The keto diet is all the rage lately among many in Colorado wishing to lose weight and improve their health. In general, those following the keto diet will eat low-carb, high-fat foods to put their body into ketosis, which according to some, makes their body burn fat for energy, resulting in weight loss and better health. One interesting aspect of being in ketosis is that your liver creates acetone as part of the process, which is released in your breath as isopropyl alcohol. And, this has very interesting implications, particularly when it comes to DUIs.
This is because many breath test instruments cannot distinguish between the ethanol alcohol that is in a person's breath if the person has had too much to drink and the non-impairing isopropyl alcohol created due to ketosis. This means that a breath test instrument could register a blood-alcohol concentration level above the legal limit of a person in ketosis, even if the person hadn't touched a drop of alcohol.

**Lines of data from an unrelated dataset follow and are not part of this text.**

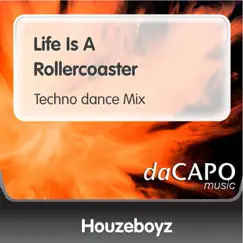 Life Is a Rollercoaster (Techno Dance Mix) - Single by Houzeboyz album reviews, ratings, credits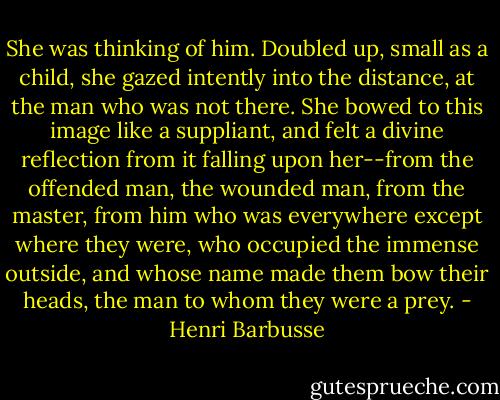 She was thinking of him. Doubled up, small as a child, she gazed intently into the distance, at the man who was not there. She bowed to this image like a suppliant, and felt a divine reflection from it falling upon her--from the offended man, the wounded man, from the master, from him who was everywhere except where they were, who occupied the immense outside, and whose name made them bow their heads, the man to whom they were a prey. - Henri Barbusse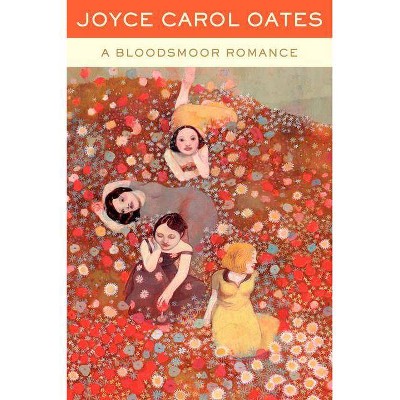 A Bloodsmoor Romance - by  Joyce Carol Oates (Paperback)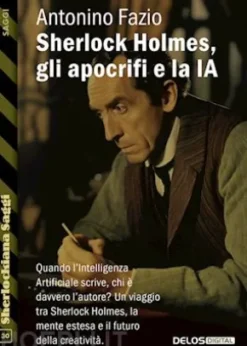 Sherlock Holmes, gli apocrifi e la IA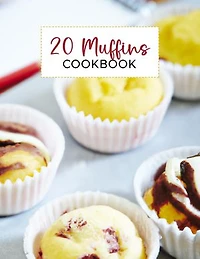 20 Muffins Cookbook: A collection of 20 popular muffin recipes, ranging from classic blueberry to indulgent chocolate chip to healthy pumpkin oatmeal.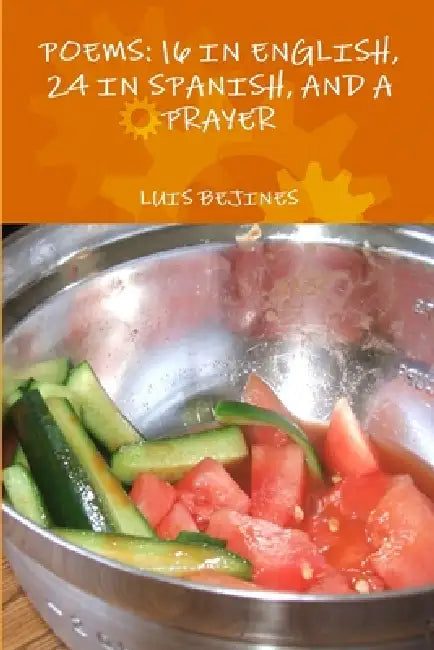 Poems: 16 in English, 24 in Spanish and a Prayer by Luis Bejines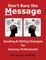 Don't Bury the Message, Speaking and Writing Strategies for Business Professionals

However, this doesn't mean that a DUI is necessarily inevitable. In general, when a person is arrested for drunk driving, they will perform a second breath test on an instrument that utilizes infrared spectroscopy, which can differentiate between isopropyl alcohol and ethanol alcohol. Blood tests can also make such distinctions. These tests can provide proof that the motorist was in ketosis, rather than under the influence, and, thus, should not receive a DUI.

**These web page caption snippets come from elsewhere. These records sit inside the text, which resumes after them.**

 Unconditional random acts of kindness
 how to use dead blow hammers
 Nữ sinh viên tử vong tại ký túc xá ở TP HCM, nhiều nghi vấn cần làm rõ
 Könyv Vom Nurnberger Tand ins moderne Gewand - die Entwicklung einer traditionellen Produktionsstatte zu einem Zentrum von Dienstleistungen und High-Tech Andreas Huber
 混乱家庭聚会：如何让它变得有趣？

So, those wishing to follow the keto diet will want to be aware of the effects it has on their body and be prepared with the information they need should they be accused of drunk driving. Breath test instruments are not infallible, and it is possible that a false positive could be registered on the instrument. When this happens, motorists will want to know what their rights are with regards to a second BAC test, as well as when test results can be used against them in a subsequent trial.